Bioperl: article for Dr. Dobb's Journal

Gustavo Glusman bmgustav@bioinformatics.weizmann.ac.il
Sat, 10 Oct 1998 21:46:07 +0200


>I'm writing an article for Dr. Dobb's Journal on Perl and Molecular
>Biology.

Reading it, a few comments -

* Why talk about 21 amino acids, when there are 20? I can understand the
expression 'the 21 letter alphabet', but a phrase like "The other thing to
notice is that certain codons (three in all) don't encode any amino acids."
certainly clashes with "the 21 amino acids"... Why not just talk about 20
amino acids and 3 termination codes?

* "it's typical to work with one subregions" (-> subregion)

* compatability -> compatibility

* "Otherwise, we quickly transcribe the sequence to RNA using Perl's tr()
operator (which actually stands for "translate", not "transcribe") and
return the sequence in RNA form."
-> As a biologist I agree, this is perfectly kosher, but is the kind of
things that inflates the text.

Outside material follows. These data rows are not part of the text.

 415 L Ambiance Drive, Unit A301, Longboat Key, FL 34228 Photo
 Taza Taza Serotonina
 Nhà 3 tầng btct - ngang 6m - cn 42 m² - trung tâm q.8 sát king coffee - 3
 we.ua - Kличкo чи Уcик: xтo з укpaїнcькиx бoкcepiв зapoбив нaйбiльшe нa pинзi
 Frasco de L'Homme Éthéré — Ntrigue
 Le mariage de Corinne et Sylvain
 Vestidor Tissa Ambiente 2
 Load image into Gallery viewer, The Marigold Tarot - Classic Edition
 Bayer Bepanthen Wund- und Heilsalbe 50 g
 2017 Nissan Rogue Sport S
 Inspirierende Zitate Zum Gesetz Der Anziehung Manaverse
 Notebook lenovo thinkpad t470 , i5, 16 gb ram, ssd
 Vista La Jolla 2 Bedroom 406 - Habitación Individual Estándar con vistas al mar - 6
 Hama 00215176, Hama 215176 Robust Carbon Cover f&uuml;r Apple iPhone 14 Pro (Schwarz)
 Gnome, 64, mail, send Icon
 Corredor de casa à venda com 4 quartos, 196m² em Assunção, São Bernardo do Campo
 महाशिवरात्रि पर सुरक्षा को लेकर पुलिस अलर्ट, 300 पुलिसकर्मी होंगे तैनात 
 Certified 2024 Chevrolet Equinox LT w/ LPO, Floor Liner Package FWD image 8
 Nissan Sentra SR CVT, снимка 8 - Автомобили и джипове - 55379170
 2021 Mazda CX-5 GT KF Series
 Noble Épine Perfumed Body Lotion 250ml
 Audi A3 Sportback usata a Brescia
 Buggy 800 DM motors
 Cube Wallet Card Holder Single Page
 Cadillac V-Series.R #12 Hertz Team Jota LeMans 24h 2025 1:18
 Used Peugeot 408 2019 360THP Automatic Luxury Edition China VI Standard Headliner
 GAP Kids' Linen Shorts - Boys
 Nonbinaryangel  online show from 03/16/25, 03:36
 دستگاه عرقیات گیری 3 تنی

For the typical DDJ reader, it would have
been as good to write "otherwise, we quickly translate the sequence to RNA
form using the tr() operator". We're not talking about translating a DNA
molecule into RNA, but about translating its sequence in silico...

* "For historical reasons, DNA subsequences use 1-based indexing,..."
-> For *historical* reasons??

* "there may be small differences between the two sequences, either
because of errors during the sequence determination or because they
are from different but related organisms"
-> Or because they're paralogues, or alleles. (I just suggest relaxing the
'either...or' so it doesn't imply these are the two only reasons.)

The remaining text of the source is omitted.